━━━━━ Entries provided

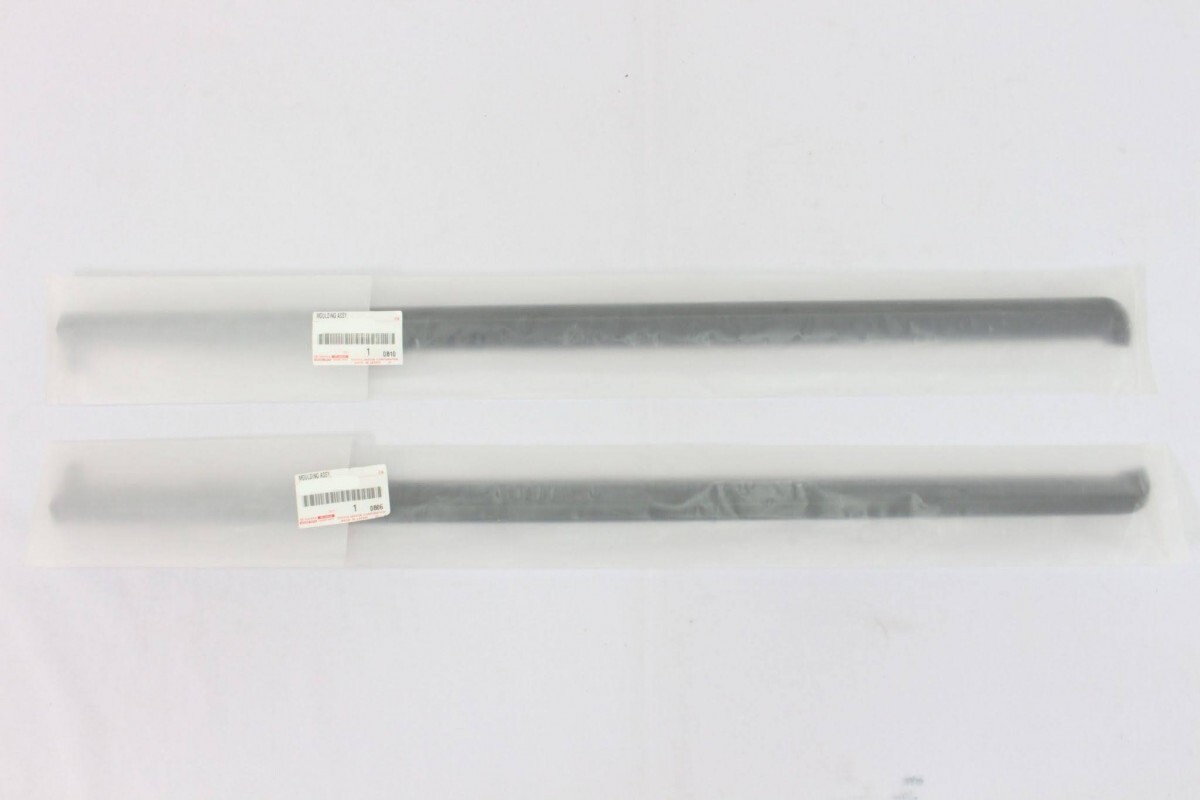 ●未使用 トヨタ HDJ101 UZJ100 ランドクルーザー 純正 クォーター ベルトモール 左右セット★ Quarter belt molding left and right set拍卖
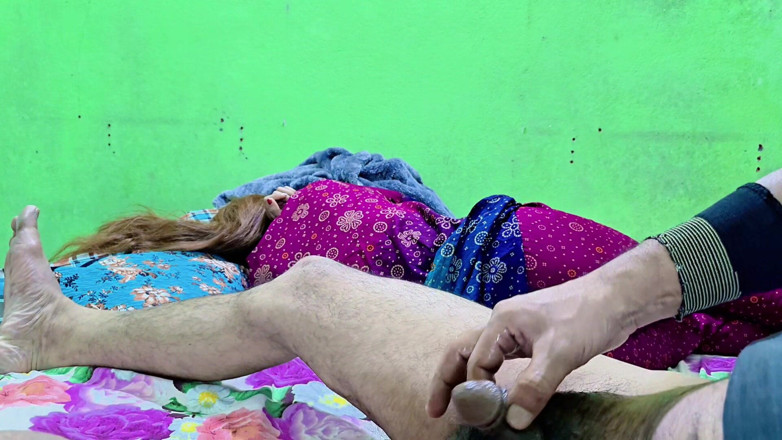 Faryal: Digitación el coño de india bhabhi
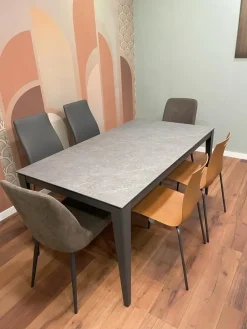 Tavolo Dom Ingenia in OFFERTA OUTLET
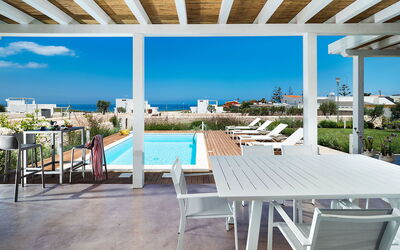 Villa Pachino: Building Exterior, Garden, Outdoor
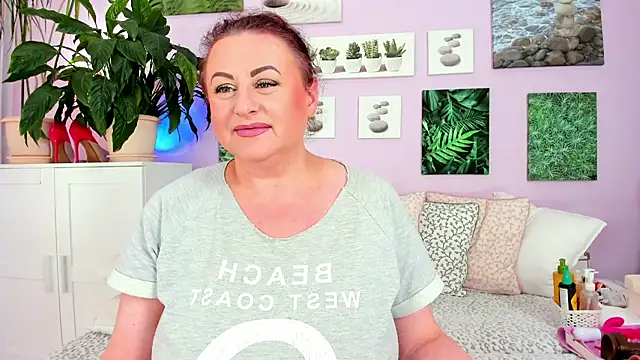 Snapshot of BigTittyGoddess chatting on September 28, 2025, 5:20 pm BigTittyGoddess online show from September 28, 2025, 5:20 pm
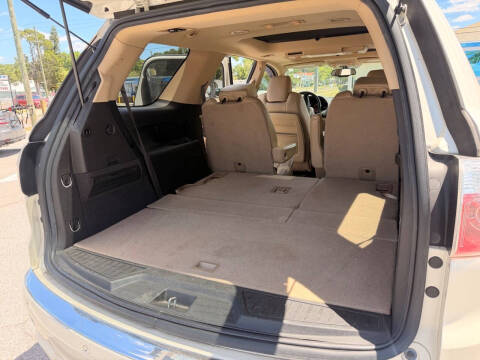 2011 GMC Acadia Denali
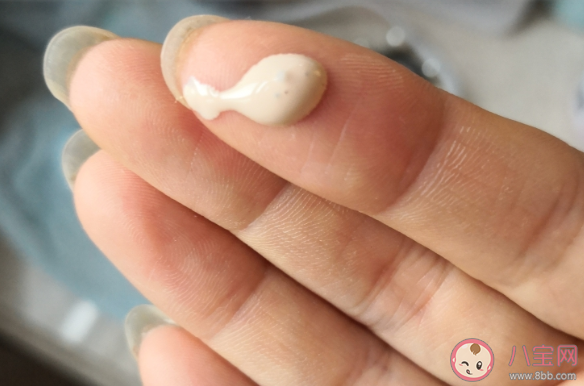 蘭芝水光粉底液怎么樣 蘭芝水光粉底液試用測評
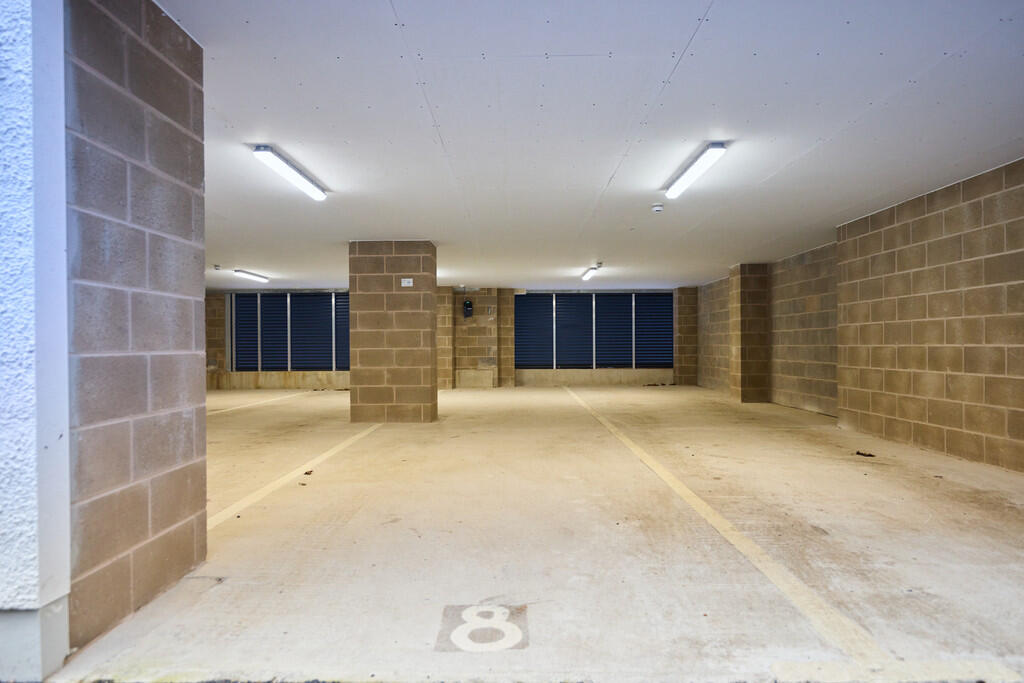 Garage &amp; Park...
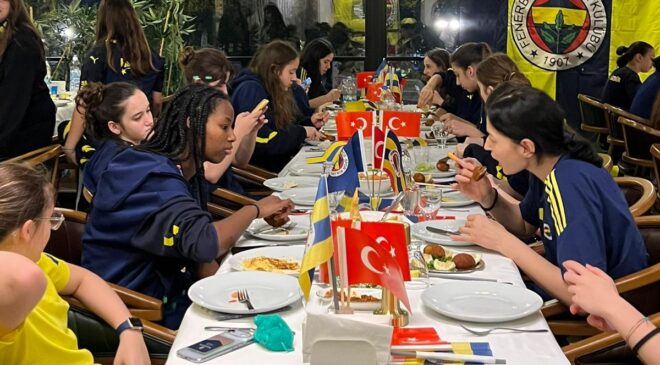 Fenerbahçelilerden kutlama yemeği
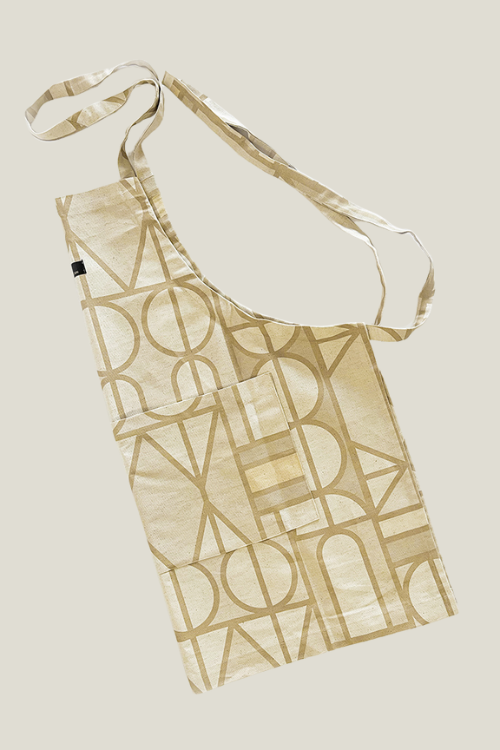 Legae Peace Apron in Linen/Cotton Blend - September Collective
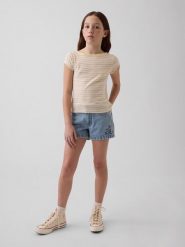 GAP Szorty dżinsowe w kolorze niebieskim rozmiar: 140. Niebieskie szorty GAP, bez wzorów, z bawełny, klasyczne. Za 123.82 zł.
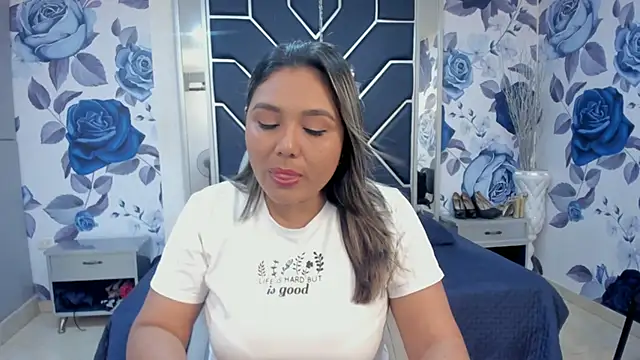 LatinaHoleQueen online show from November 11, 2:23 pm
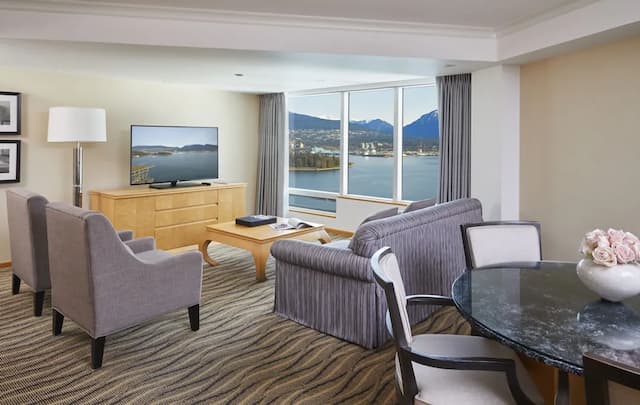 Pan Pacific Vancouver-Suite, 1 King Bed, Harbor View-1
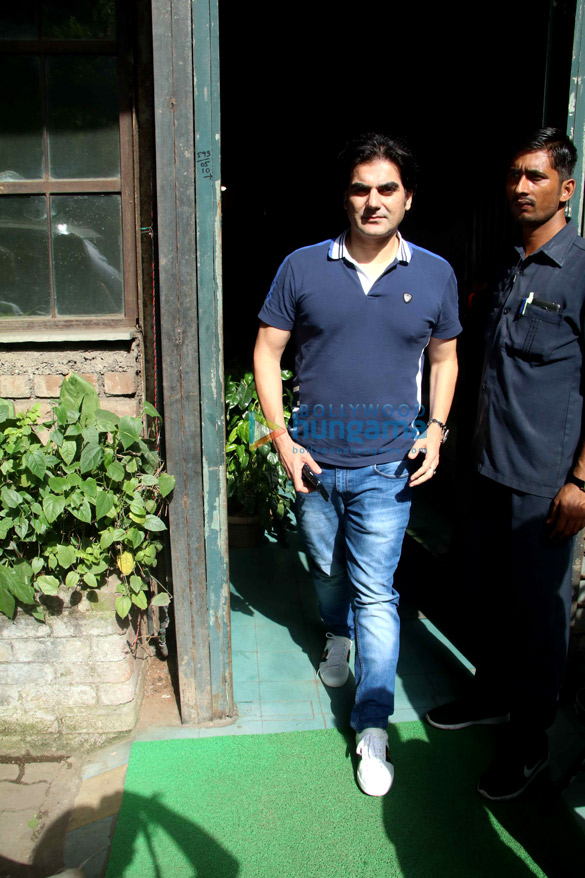 arbaaz khan snapped with his friend at pali village cafe in bandra 2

━━━━━━━━━━

## What this task involves
Would it be possible to copy the material exactly, excluding the images?

## Reply to the exercise
 ●未使用 トヨタ HDJ101 UZJ100 ランドクルーザー 純正 クォーター ベルトモール 左右セット★ Quarter belt molding left and right set拍卖
 Faryal: Digitación el coño de india bhabhi
 Tavolo Dom Ingenia in OFFERTA OUTLET
 Villa Pachino: Building Exterior, Garden, Outdoor
 Snapshot of BigTittyGoddess chatting on September 28, 2025, 5:20 pm BigTittyGoddess online show from September 28, 2025, 5:20 pm
 2011 GMC Acadia Denali
 蘭芝水光粉底液怎么樣 蘭芝水光粉底液試用測評
 Garage &amp; Park...
 Fenerbahçelilerden kutlama yemeği
 Legae Peace Apron in Linen/Cotton Blend - September Collective
 GAP Szorty dżinsowe w kolorze niebieskim rozmiar: 140. Niebieskie szorty GAP, bez wzorów, z bawełny, klasyczne. Za 123.82 zł.
 LatinaHoleQueen online show from November 11, 2:23 pm
 Pan Pacific Vancouver-Suite, 1 King Bed, Harbor View-1
 arbaaz khan snapped with his friend at pali village cafe in bandra 2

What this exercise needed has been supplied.